# New Hampshire Society Show



## Heather (Feb 8, 2008)

Hi guys! 
Whew, 2 days done, 2 to go. 

I have no time to post good photos but here is a link to our video tour. 

http://www.visualtour.com/shownp.asp?sk=13&t=1379568

I am happy to report that after the change of the display committee two years ago, I'm finally learning! With a lot of help, we met one of my main goals which was to finally win at least a ribbon. Well, we won the show trophy for Best use of Show Theme, and two blue ribbons (I think one for theme and one for best overall, but we did not win the AOS trophy for best overall.)

Anyway, I'm pooped but wanted to check in! 

(oh, and Eric, Glen gave me one of the besseaes from the river for helping him out.  (Actually, I paid a dollar for it cause I felt guilty that he wouldn't let me pay for it.)


----------



## JeanLux (Feb 9, 2008)

Congratulations Heather, and, I am envious for that besseae!! Jean


----------



## goldenrose (Feb 9, 2008)

Heather said:


> Hi guys! ..........
> (oh, and Eric, Glen gave me one of the besseaes from the river for helping him out.  (Actually, I paid a dollar for it cause I felt guilty that he wouldn't let me pay for it.)



Ouch! salt in the wound!

Congrats on the show!


----------



## practicallyostensible (Feb 9, 2008)

Congratulations Heather!


----------



## SlipperFan (Feb 9, 2008)

Nice show, Heather. Congratulations!


----------



## Heather (Feb 9, 2008)

I need to add that one of the really nice things about doing this sort of show is working with a Slipper vendor to help with sales. Or any vendor - it is a GREAT way to learn orchids you might not know much about! Not only regarding what I will say below, but also, it really made me much more confident giving my first ever Power Point Presentation today to the public; which was also my first ever Slipper presentation. Having had a few hours to listen to him give out information and fine tune what I should be saying was invaluable! To have a lot of it echo what I was planning to say anyway was very vindicating. I know what *I* do and what I have been successful with, and that is useful, but everyone has different collections and conditions. I learned a huge amount today! 
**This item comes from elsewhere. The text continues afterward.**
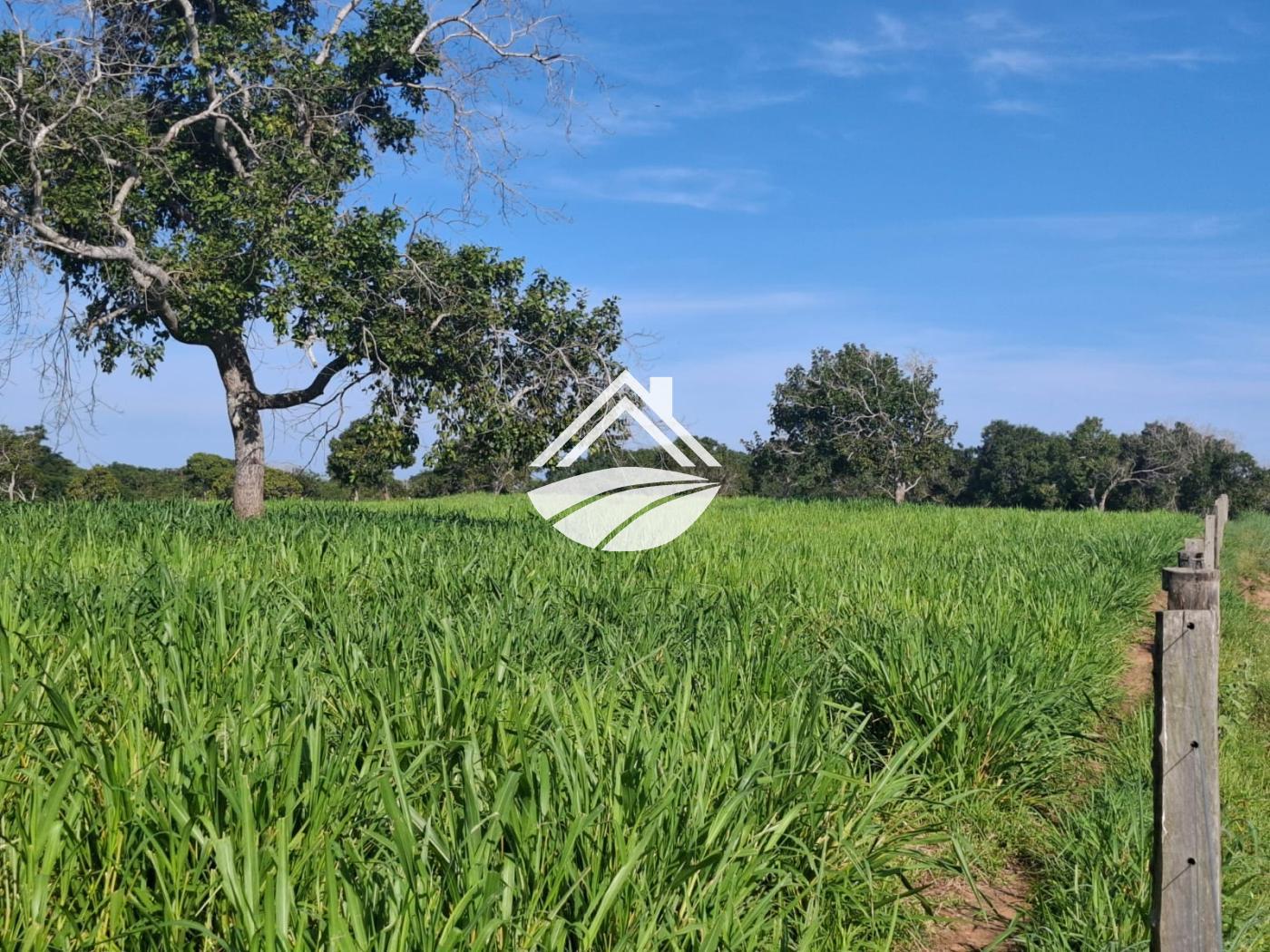 Fazenda à venda, 1m² - Foto 13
Glen has also been EXTREMELY amenable to my handing out our forum's business cards to people who are new to growing slippers, or really interested in them. Look for a few new members and welcome them if you have the time please!

It's really a win, win situation I think. Plus, Glen's just a doll to work with.


----------



## rdlsreno (Feb 9, 2008)

Very impressive Heather!!!

Ramon


----------



## cwt (Feb 9, 2008)

Congrats Heather, I'll keep you in mind as a possible speaker in future!


----------



## ohio-guy (Feb 10, 2008)

The show looks great, and what a bonus to work with a great grower like Glen for a little while. 
Is your display one of the numbered ones in the photo presentation? If so, which one?
Have fun at your presentation today, I am sure it will be great!


----------



## NYEric (Feb 10, 2008)

I'm glad to hear [read?] that your presentation went well and I'm truly sorry I couldn't make it up there. Hopefully this Spring will provide more opportunities for our community to meet.  P.S. You have business cards?!


----------



## Heather (Feb 10, 2008)

Thanks guys. 

We are display number 1 in the video - front and center! We also found out this afternoon that we won the Orchid Digest Award for Best non-vendor exhibit. So, we took two show trophies! 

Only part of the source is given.